X_train, X_test, y_train, y_test = train_test_split(X, y, test_size=0.3, random_state=42)
Here, we are calling our function also prediction our X_test data part.
lgbmc = LGBMClassifier()
lgbmc.fit(X_train, y_train)
y_pred = lgbmc.predict(X_test)
After our classifier works we need to see result, we are rounding results and showing 4 numbers after point(.).
accuracy.append(round(accuracy_score(y_test, y_pred),4))
recall.append(round(recall_score(y_test, y_pred),4))
roc_auc.append(round(roc_auc_score(y_test, y_pred),4))

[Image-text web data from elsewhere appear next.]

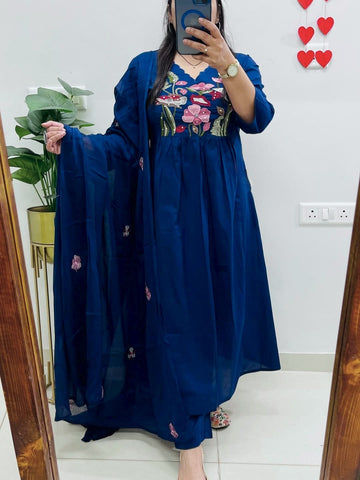 Elegant Teal Blue Floral Embroidered Kurta Set with Dupatta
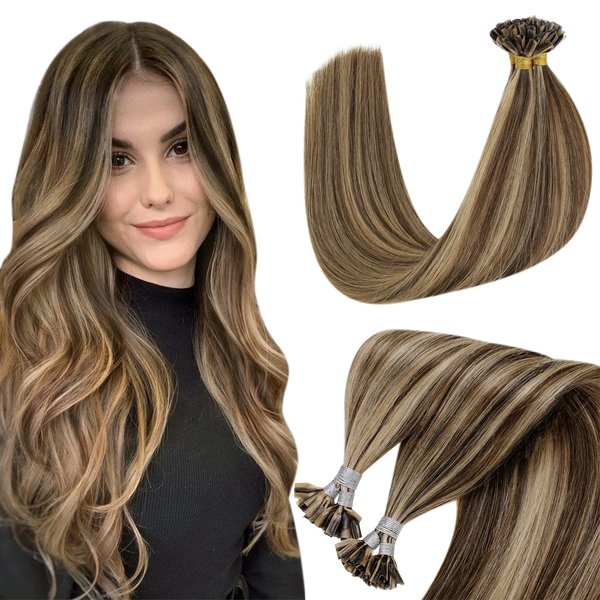 Hetto U Tip Hair Extensions Human Hair Invisible K Tip Hair Extensions Real Human Hair Utip Hair Extensions #4/27 Dark Brown Highlight Caramel Blonde 14 Inch 50g 50 Strands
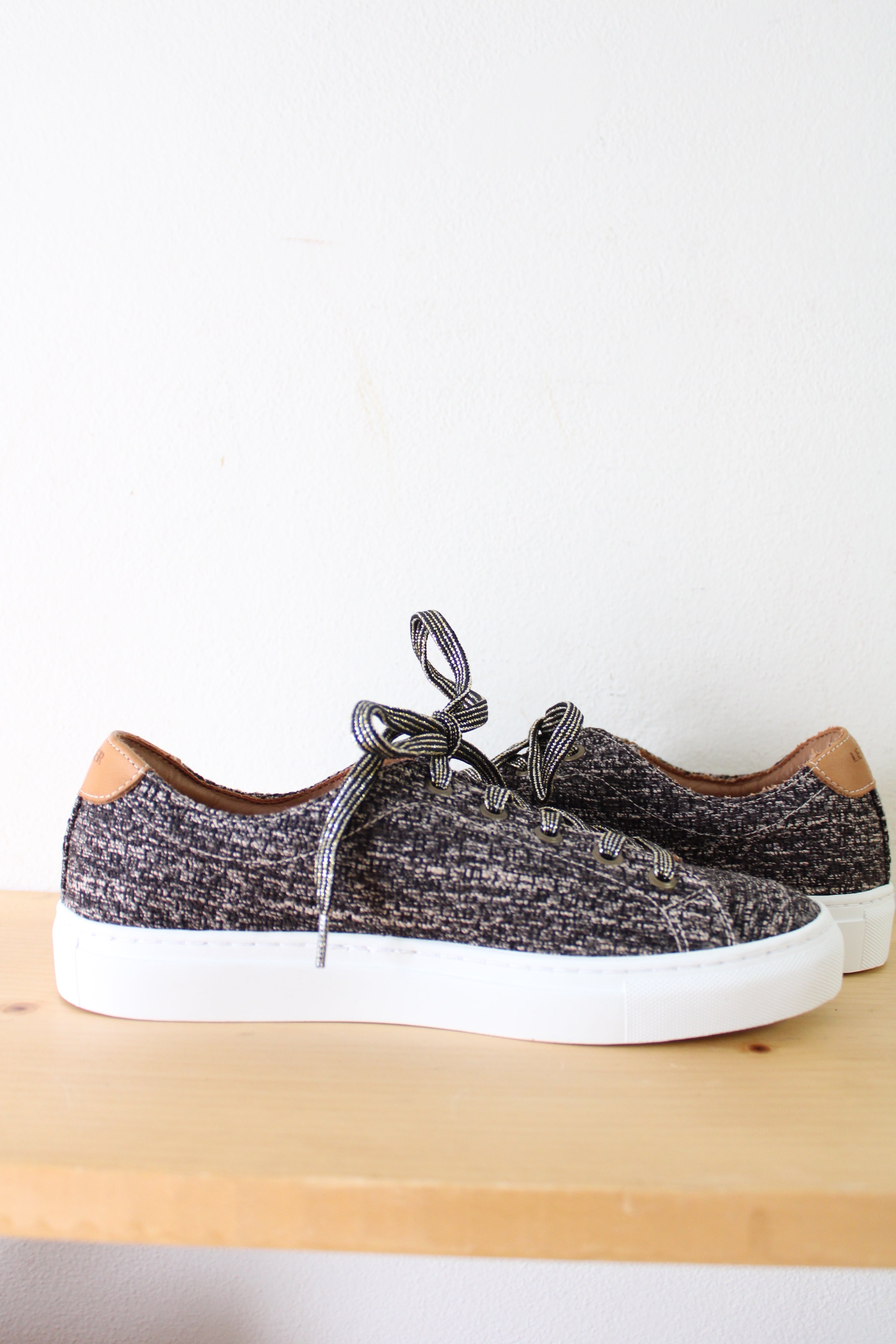 Le Lissier Paris Gray Tan Tweed Sneakers | Size 39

precision.append(round(precision_score(y_test, y_pred),4))
f1.append(round(f1_score(y_test, y_pred),4))
Finally, we are adding our results to the list then print on the screen.
models = ['LightGBM']
result_df5 = pd.DataFrame({'Accuracy':accuracy,
'Recall':recall,
'Roc_Auc':roc_auc,
'Precision':precision,
'F1 Score':f1},
index=models)
result_df5
Let's look output of our models.
- CatBoost
| Accuracy | Recall | Roc_Auc | Precision | F1 Score |
|---|---|---|---|---|
| 0.8036 | 0.5035 | 0.7095 | 0.6897 | 0.5821 |
- K-Neighbors
| Accuracy | Recall | Roc_Auc | Precision | F1 Score |
|---|---|---|---|---|
| 0.7747 | 0.4634 | 0.6771 | 0.6129 | 0.5278 |
- XGBoost
| Accuracy | Recall | Roc_Auc | Precision | F1 Score |
|---|---|---|---|---|
| 0.7875 | 0.4861 | 0.693 | 0.6443 | 0.5541 |
- AdaBoost
| Accuracy | Recall | Roc_Auc | Precision | F1 Score |
|---|---|---|---|---|
| 0.8036 | 0.5244 | 0.7161 | 0.6795 | 0.5919 |
- LightGBM
| Accuracy | Recall | Roc_Auc | Precision | F1 Score |
|---|---|---|---|---|
| 0.7993 | 0.5261 | 0.7137 | 0.6652 | 0.5875 |
- Logistic Regression
| Accuracy | Recall | Roc_Auc | Precision | F1 Score |
|---|---|---|---|---|
| 0.7998 | 0.5331 | 0.7162 | 0.6638 | 0.5913 |
- Gradient Boosting
| Accuracy | Recall | Roc_Auc | Precision | F1 Score |
|---|---|---|---|---|
| 0.8045 | 0.5418 | 0.7222 | 0.6746 | 0.601 |
- Random Forest
| Accuracy | Recall | Roc_Auc | Precision | F1 Score |
|---|---|---|---|---|
| 0.7875 | 0.4774 | 0.6903 | 0.6478 | 0.5496 |
- D-Tree Classifier
| Accuracy | Recall | Roc_Auc | Precision | F1 Score |
|---|---|---|---|---|
| 0.7307 | 0.5122 | 0.6622 | 0.5043 | 0.5082 |
Totally we used 9 different algorithms CatBoost , K-Neighbors , XGBoost , AdaBoost , LightGBM , Logistic Regression , Gradient Boosting , Random Forest , D-Tree Classifier . Gradient Boosting algorithm gives the best accuracy with (0.804500) which is slightly better than CatBoost (0.803600) and AdaBoost (0.803600),also D-Tree Classifier gives the worst accuracy(0.803600). But my aim is Recall Score; because objective of this types of project is decreasing False Negatives(FN). In the end Gradient Boosting (0.541800)recall score decent but with Oversampling or using scale_pos_weight in boosting algorithms can increase Recall Score and gives better prediction about customer.